> **Exercise goal**
Would you please copy each line below that includes the string "Black"?

[Items from a dataset]

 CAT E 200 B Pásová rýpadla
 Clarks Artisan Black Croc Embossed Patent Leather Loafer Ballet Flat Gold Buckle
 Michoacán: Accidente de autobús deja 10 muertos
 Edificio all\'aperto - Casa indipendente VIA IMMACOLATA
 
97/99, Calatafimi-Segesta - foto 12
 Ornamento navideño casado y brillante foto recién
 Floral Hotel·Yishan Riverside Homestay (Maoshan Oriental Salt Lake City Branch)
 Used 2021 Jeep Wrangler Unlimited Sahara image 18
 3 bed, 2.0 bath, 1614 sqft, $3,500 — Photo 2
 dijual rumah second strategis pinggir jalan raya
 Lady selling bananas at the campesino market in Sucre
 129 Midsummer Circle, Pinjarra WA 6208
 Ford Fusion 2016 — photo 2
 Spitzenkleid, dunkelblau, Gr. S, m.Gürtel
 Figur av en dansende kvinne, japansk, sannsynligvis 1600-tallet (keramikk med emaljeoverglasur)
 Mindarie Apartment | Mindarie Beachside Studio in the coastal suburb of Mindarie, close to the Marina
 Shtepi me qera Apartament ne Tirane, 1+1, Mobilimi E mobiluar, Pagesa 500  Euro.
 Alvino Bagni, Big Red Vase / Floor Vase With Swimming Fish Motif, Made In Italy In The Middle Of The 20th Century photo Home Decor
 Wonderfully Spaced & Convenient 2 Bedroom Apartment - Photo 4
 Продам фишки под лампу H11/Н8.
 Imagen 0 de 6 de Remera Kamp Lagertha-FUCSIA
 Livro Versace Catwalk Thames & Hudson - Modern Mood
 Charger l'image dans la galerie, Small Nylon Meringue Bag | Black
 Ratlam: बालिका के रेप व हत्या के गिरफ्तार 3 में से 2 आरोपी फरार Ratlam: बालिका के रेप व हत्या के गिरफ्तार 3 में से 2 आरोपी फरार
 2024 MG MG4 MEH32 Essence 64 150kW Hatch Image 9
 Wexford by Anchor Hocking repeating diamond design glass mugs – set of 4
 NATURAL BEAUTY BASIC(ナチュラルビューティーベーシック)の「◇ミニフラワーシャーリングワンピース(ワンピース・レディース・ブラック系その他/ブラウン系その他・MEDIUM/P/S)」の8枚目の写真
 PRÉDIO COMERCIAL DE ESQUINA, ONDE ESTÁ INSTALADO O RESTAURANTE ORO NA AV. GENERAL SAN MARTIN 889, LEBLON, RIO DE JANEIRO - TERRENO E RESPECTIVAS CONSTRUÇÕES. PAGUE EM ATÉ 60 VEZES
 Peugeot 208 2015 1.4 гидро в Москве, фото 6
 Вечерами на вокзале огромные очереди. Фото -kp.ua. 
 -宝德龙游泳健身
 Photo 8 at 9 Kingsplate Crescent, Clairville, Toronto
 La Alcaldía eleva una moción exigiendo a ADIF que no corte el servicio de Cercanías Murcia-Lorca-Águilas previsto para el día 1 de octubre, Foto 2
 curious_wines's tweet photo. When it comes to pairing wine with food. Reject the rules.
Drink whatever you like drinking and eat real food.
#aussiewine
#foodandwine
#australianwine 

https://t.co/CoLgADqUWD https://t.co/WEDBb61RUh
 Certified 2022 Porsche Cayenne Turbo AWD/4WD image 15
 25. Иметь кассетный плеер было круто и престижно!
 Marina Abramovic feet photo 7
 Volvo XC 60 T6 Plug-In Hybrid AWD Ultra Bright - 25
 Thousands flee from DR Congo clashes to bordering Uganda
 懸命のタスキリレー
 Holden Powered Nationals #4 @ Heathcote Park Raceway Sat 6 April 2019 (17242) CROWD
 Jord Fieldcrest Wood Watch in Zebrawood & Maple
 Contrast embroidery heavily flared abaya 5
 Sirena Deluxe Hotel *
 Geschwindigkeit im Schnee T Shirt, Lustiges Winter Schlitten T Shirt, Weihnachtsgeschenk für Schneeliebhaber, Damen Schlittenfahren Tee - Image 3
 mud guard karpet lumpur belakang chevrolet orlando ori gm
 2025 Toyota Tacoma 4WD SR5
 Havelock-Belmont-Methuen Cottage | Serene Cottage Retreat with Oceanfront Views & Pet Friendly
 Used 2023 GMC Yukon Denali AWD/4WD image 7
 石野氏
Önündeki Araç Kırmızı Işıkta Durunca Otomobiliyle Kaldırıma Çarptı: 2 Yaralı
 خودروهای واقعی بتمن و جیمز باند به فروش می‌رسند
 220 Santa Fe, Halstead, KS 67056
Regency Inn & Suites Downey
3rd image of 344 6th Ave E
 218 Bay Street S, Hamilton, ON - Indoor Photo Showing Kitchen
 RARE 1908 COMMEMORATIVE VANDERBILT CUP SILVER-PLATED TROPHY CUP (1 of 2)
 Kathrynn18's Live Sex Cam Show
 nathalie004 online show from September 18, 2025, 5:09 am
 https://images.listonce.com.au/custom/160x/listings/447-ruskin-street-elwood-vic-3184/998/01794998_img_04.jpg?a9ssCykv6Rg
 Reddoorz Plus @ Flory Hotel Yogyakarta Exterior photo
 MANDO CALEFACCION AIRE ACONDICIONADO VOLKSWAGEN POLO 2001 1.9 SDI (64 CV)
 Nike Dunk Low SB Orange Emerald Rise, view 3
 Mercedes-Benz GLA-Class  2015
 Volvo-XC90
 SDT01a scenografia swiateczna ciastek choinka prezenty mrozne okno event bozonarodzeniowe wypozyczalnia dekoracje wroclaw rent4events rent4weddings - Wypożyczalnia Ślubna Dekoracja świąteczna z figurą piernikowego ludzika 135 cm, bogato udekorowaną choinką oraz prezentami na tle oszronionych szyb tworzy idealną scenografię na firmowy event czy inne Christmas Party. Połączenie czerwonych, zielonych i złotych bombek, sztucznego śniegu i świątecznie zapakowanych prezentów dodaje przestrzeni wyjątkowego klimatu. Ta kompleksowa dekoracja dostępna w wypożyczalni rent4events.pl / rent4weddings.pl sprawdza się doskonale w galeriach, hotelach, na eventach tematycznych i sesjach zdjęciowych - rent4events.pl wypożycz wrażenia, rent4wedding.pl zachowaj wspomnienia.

> **Reply to the task**
 Clarks Artisan Black Croc Embossed Patent Leather Loafer Ballet Flat Gold Buckle
 Charger l'image dans la galerie, Small Nylon Meringue Bag | Black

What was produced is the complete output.